Small businesses are being placed at a competitive disadvantage as a result of the high cost of complying with UK tax legislation, a new report has suggested.

The study, conducted by the Association of Accounting Technicians (AAT), revealed that the growth of many small and medium-sized enterprises (SMEs) is being compromised because of the burden of compliance.

According to the research, SMEs spend around £9.9bn each year on tax compliance, with a single SME spending an average total of £4,376, representing just under 50% of the costs incurred by its larger counterparts.

However, smaller businesses often lack the necessary resources to deal with tax compliance, with the majority of SMEs only employing a maximum of four members of staff.

In addition, 80% of AAT members reported that the tax system is time-consuming and overly complex, with many suggesting that it places small businesses at a disadvantage both within the UK and globally.
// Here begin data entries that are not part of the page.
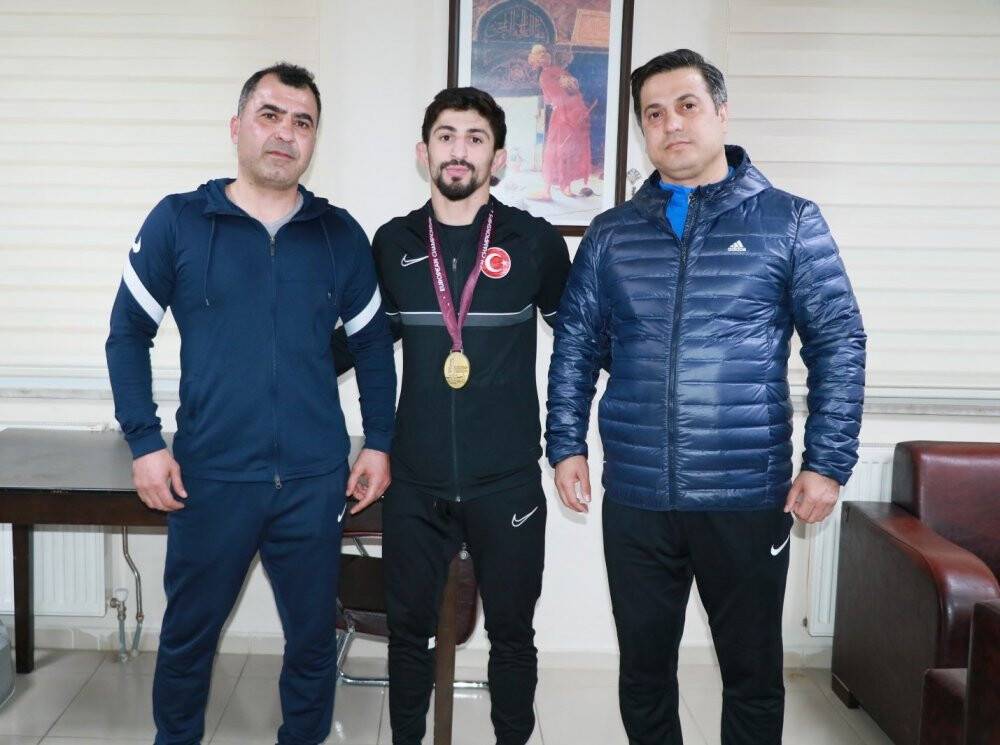 Avrupa Şampiyonu Kerem Kamal’a memleketinde coşkulu karşılama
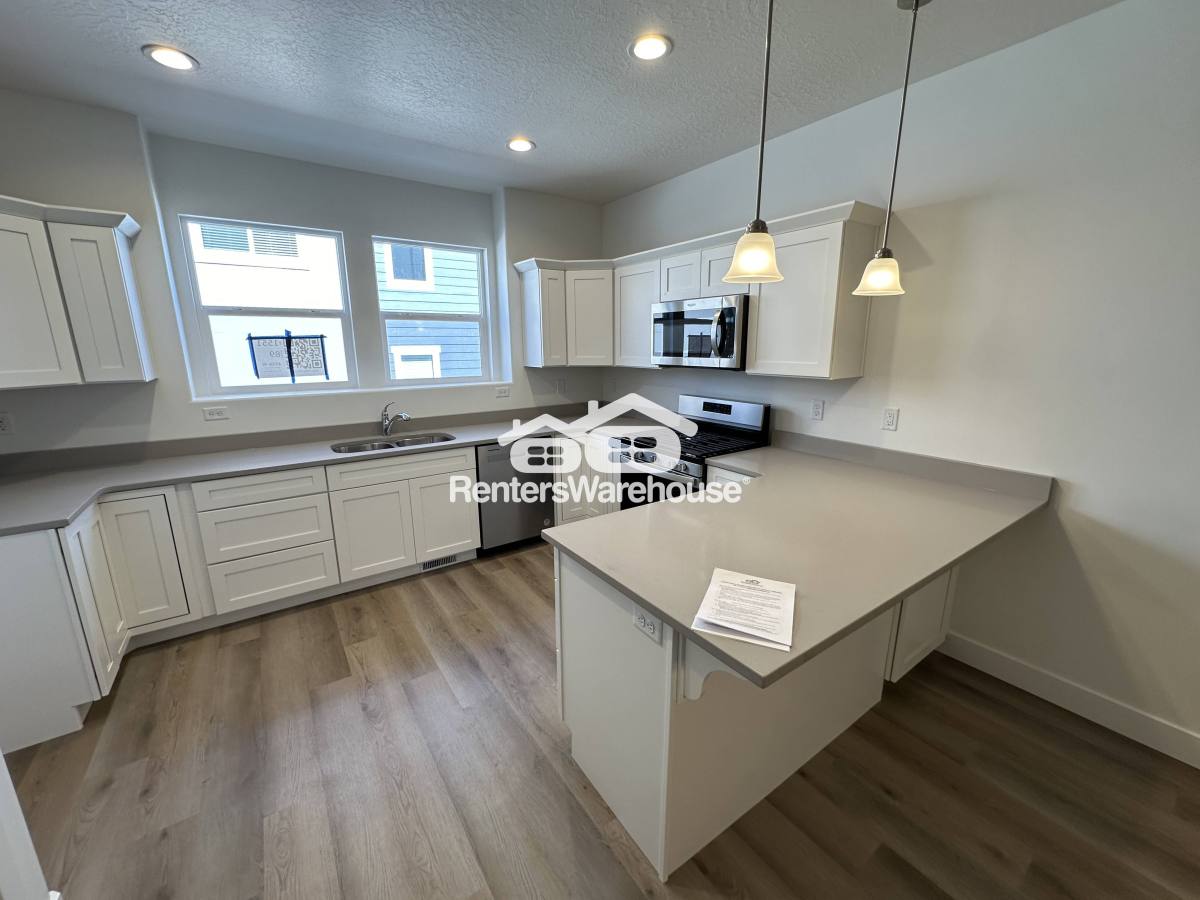 Townhouse for rent at 4556 W Parks Peak Lane, Herriman, UT 84096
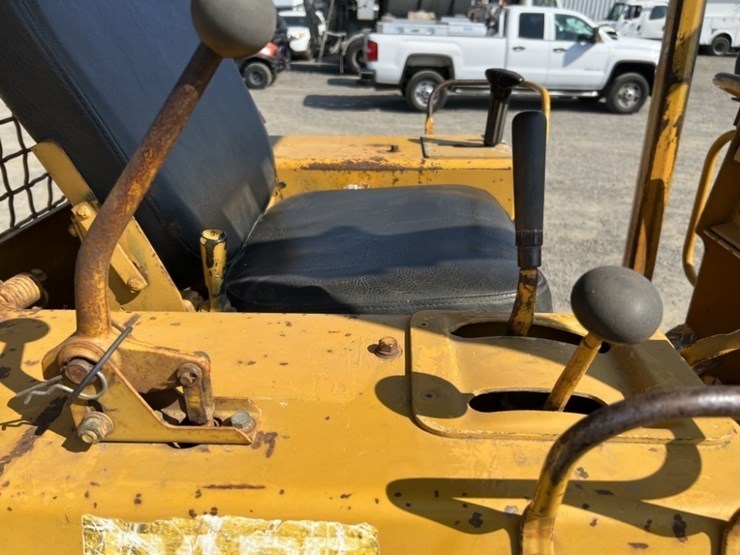 1975-caterpillar-d3-image-28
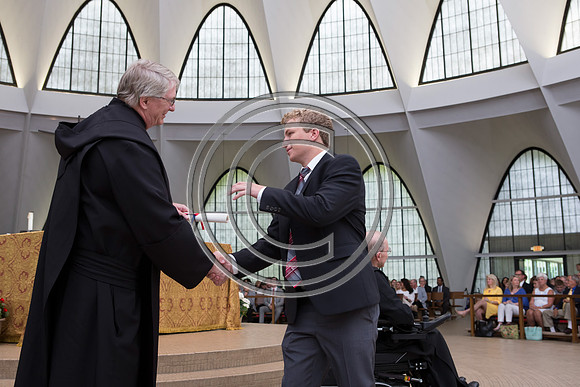 170529_carson_naunheim_priory_graduation_548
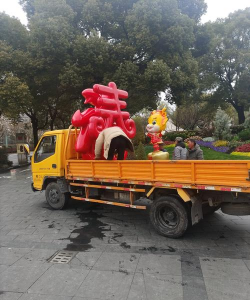 广场绿化植物配置有门道 广场绿化植物配置有门道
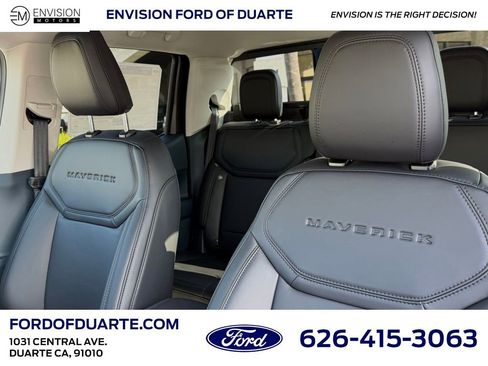 New 2025 Ford Maverick Lariat w/ Black Appearance Package image 15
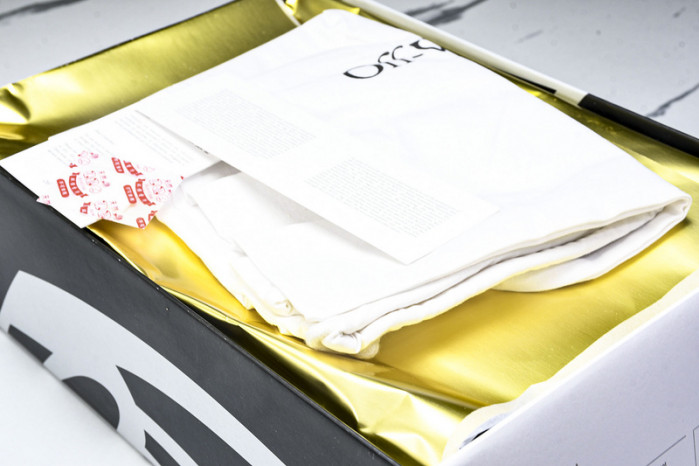 C/O​ SNEAKERS CO-029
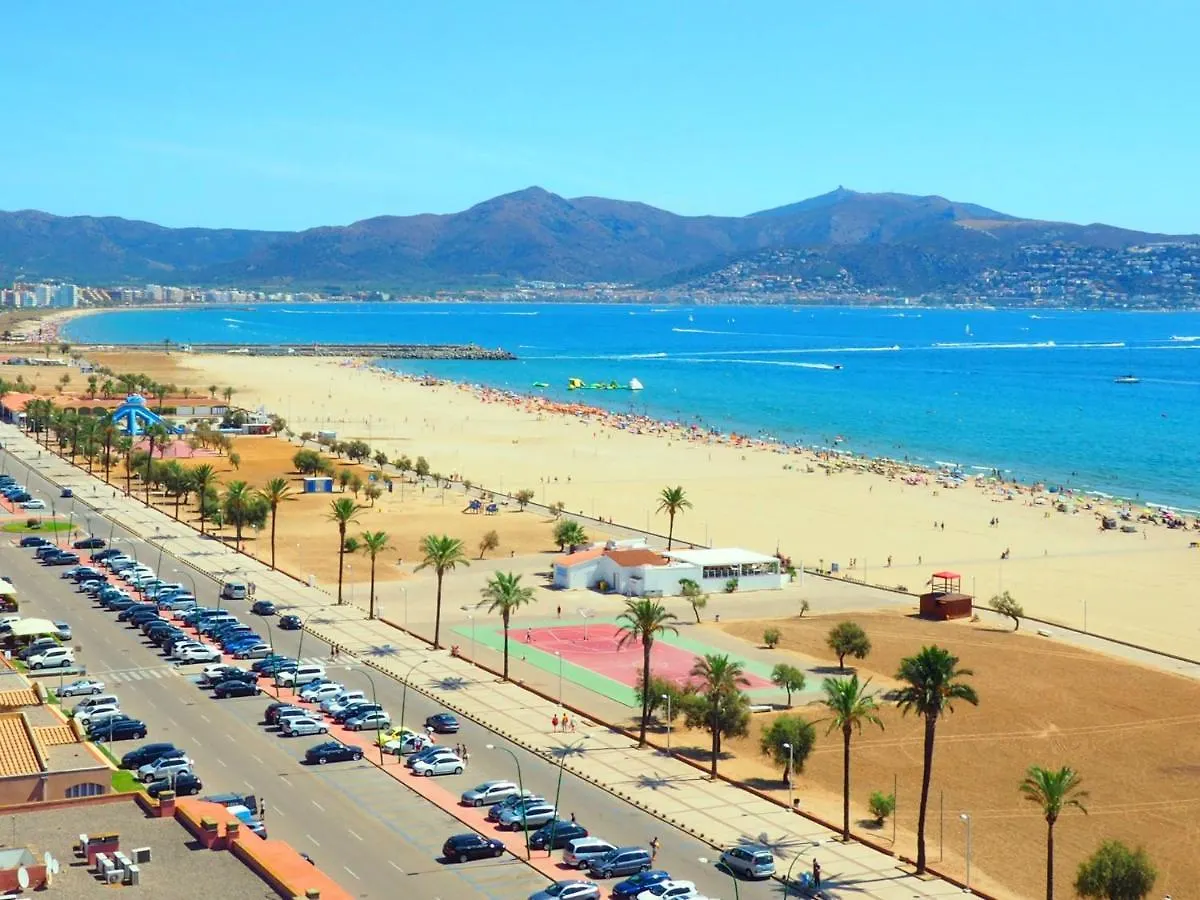 Holiday Home Requesens Canal إمبوريابرافا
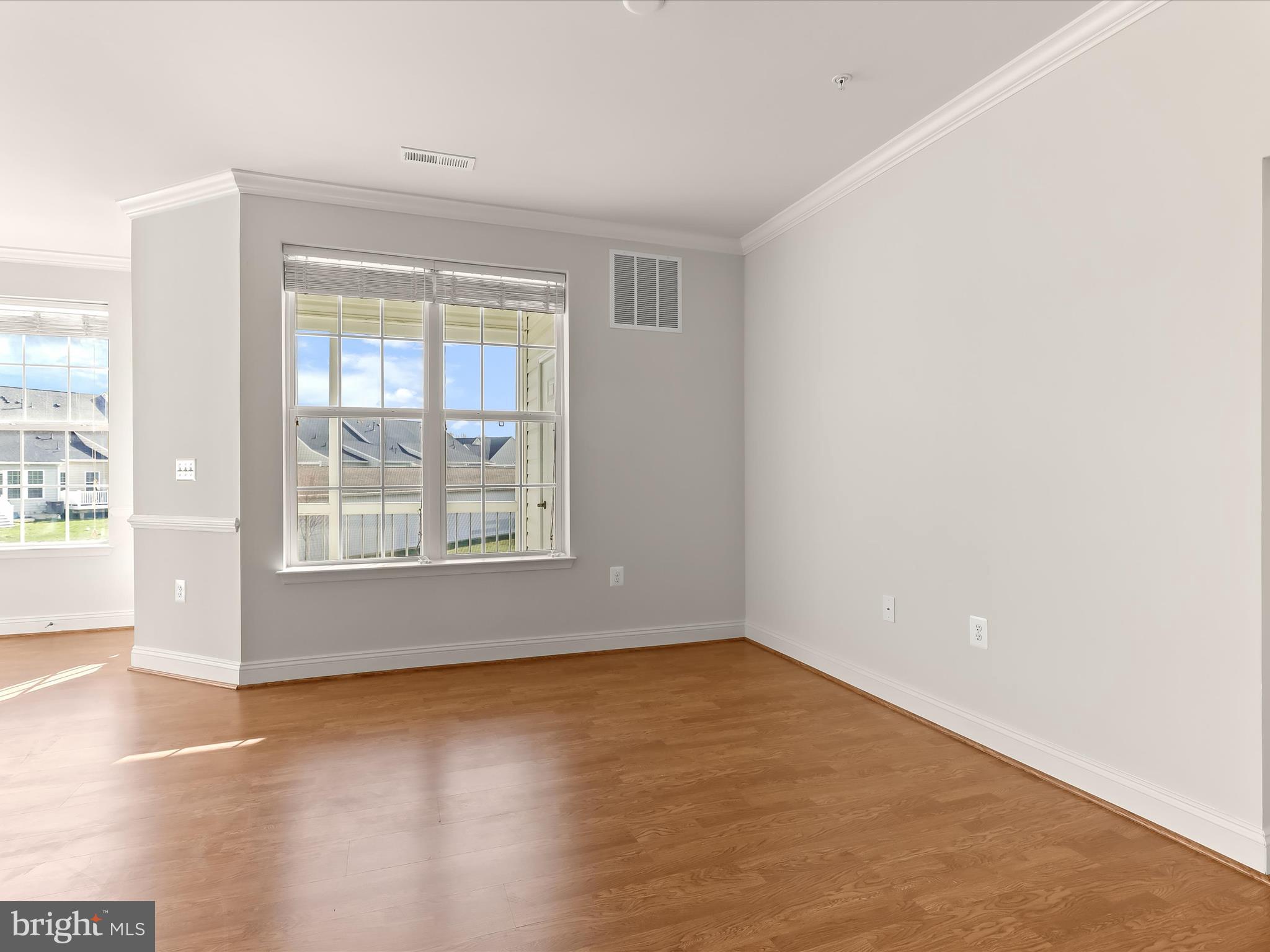EMERALD HILLS - Residential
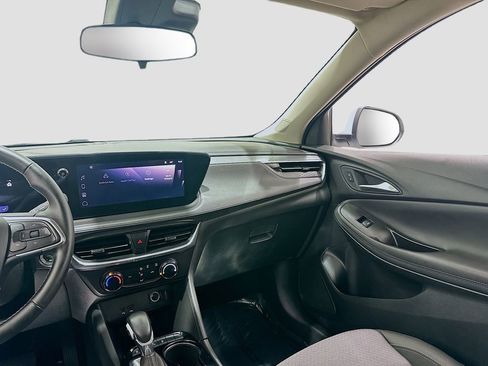 Used 2024 Buick Encore GX Preferred FWD image 22
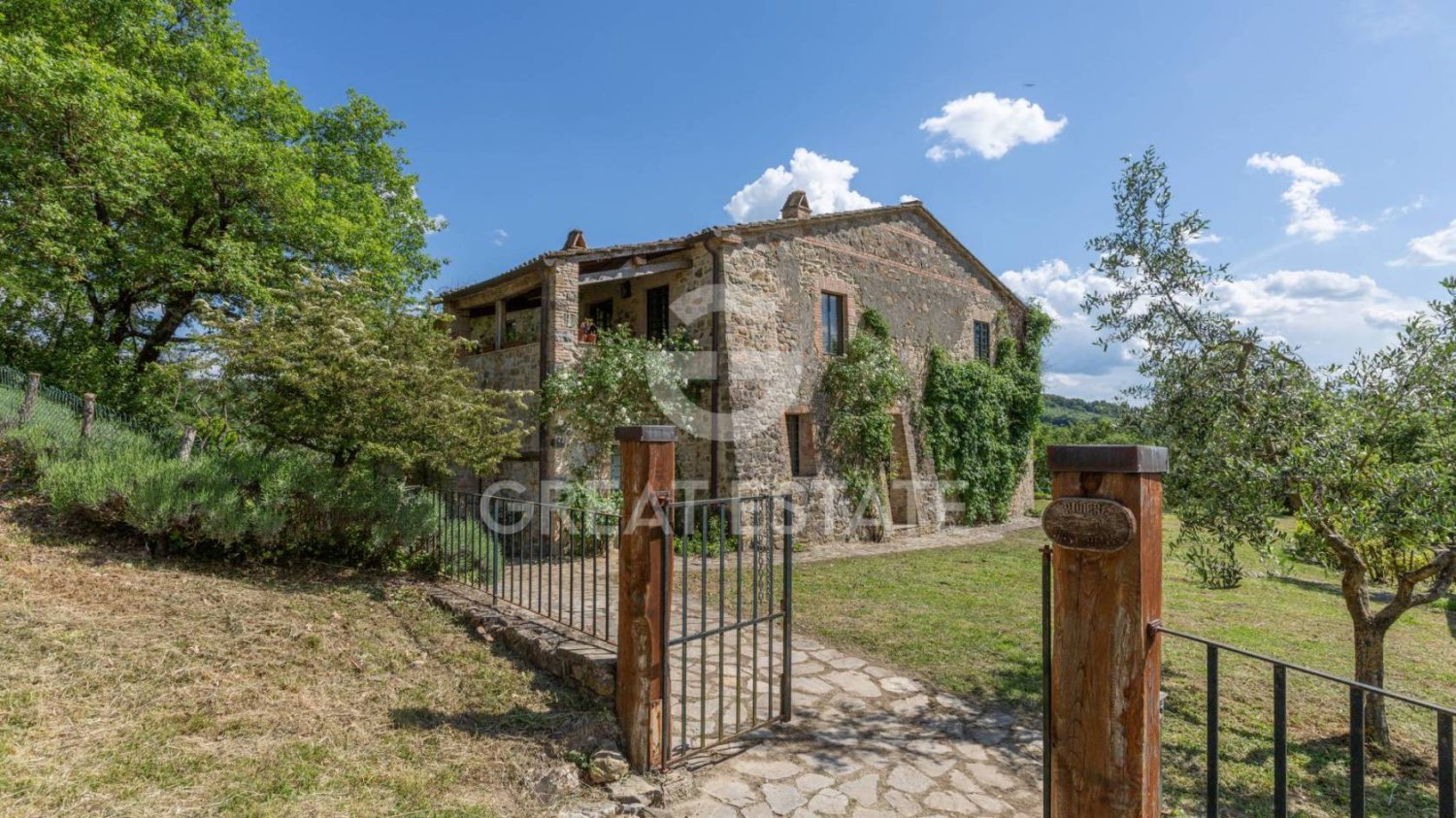 5 bedrooms House in San Casciano dei Bagni, Italy No. 27505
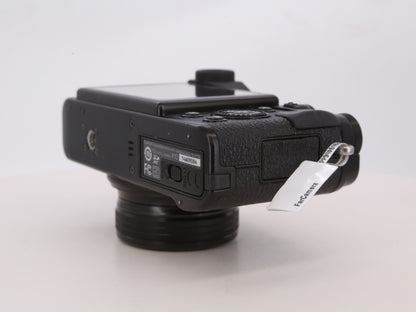 [Good, Fast Shipping] Fujifilm X10 Camera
Commenting on the report, chief executive of the AAT, Mark Farrar, said, ‘Making the tax system simpler could help to lift this extraordinary weight, diminishing the costs that SMEs face. This would give SMEs the space they need to invest in growing their business and hiring more staff – a vital component for the UK’s economic recovery’.

Separately, a new policy paper from the Institute of Directors has suggested that taxes which raise less than £5bn a year should be challenged annually, with a view to either repealing them or merging them with other taxes. Some of the taxes that would be subject to such a measure would include stamp duty on shares, air passenger duty, capital gains tax and inheritance tax.